■ Exercise prompt: When you reach the line with "Used Buick GL6", transcribe it and each line after it through the last one below, exactly. Pictures stay out.

(Data section)

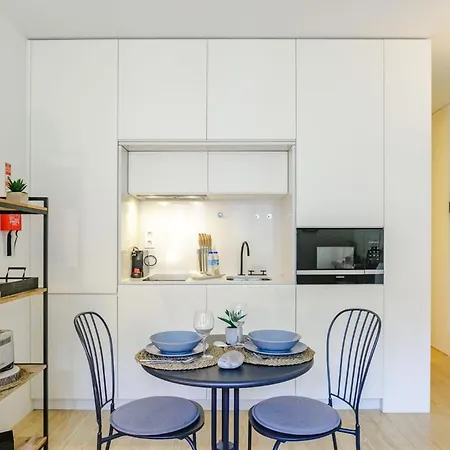 Door 65 - Historical Center Porto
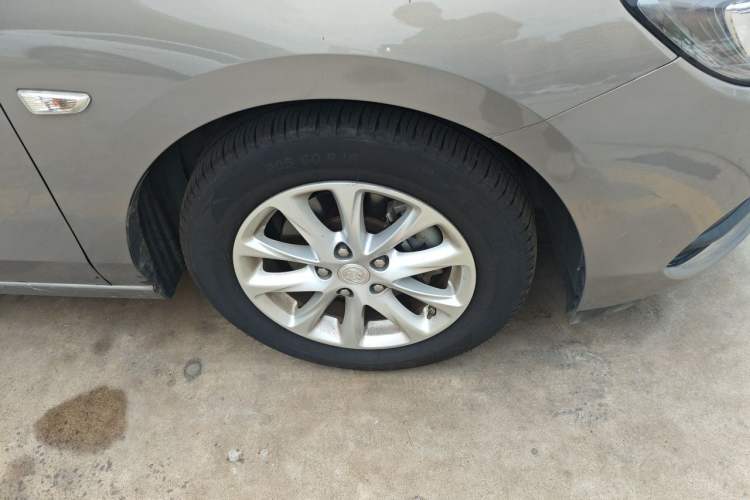 Used Buick GL6 2018 18T 5-seat Luxury Model Right Front Wheel Hub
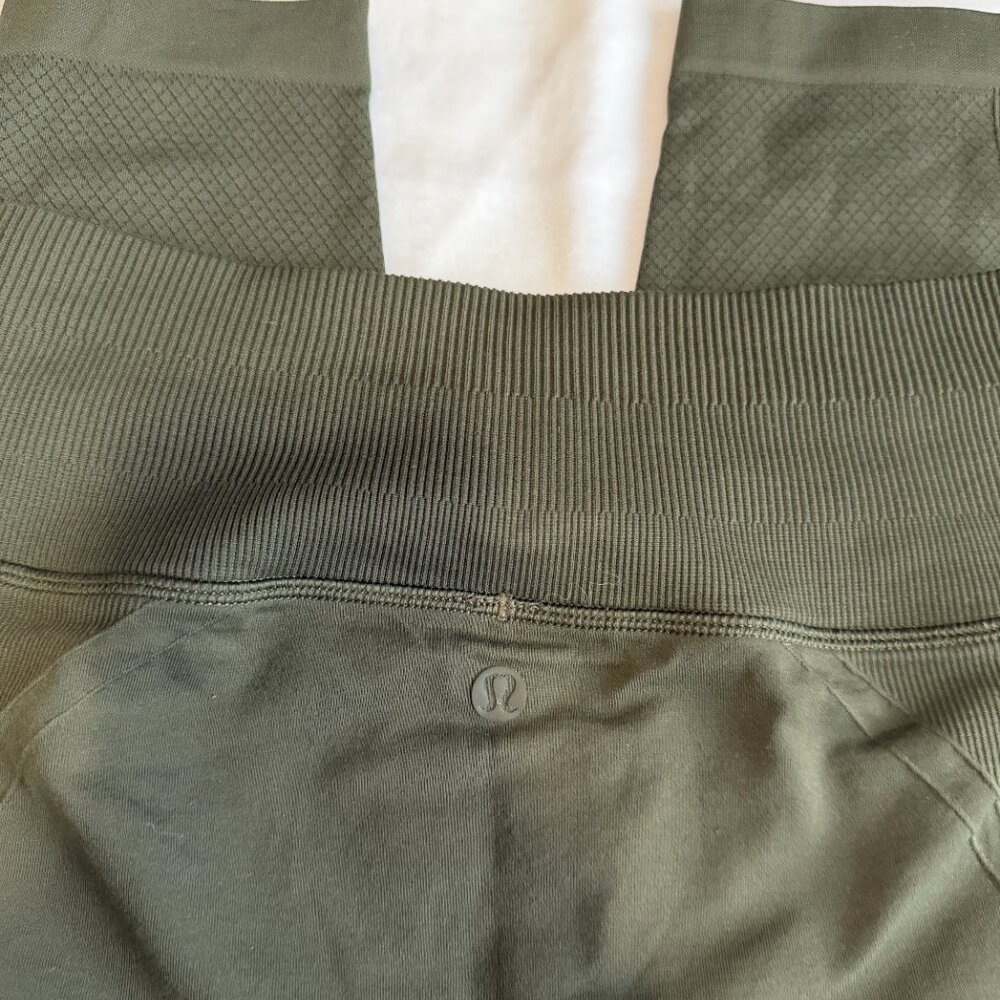 Lululemon Compression Legging - image 2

(End Data section)

■ Answer:
 Used Buick GL6 2018 18T 5-seat Luxury Model Right Front Wheel Hub
 Lululemon Compression Legging - image 2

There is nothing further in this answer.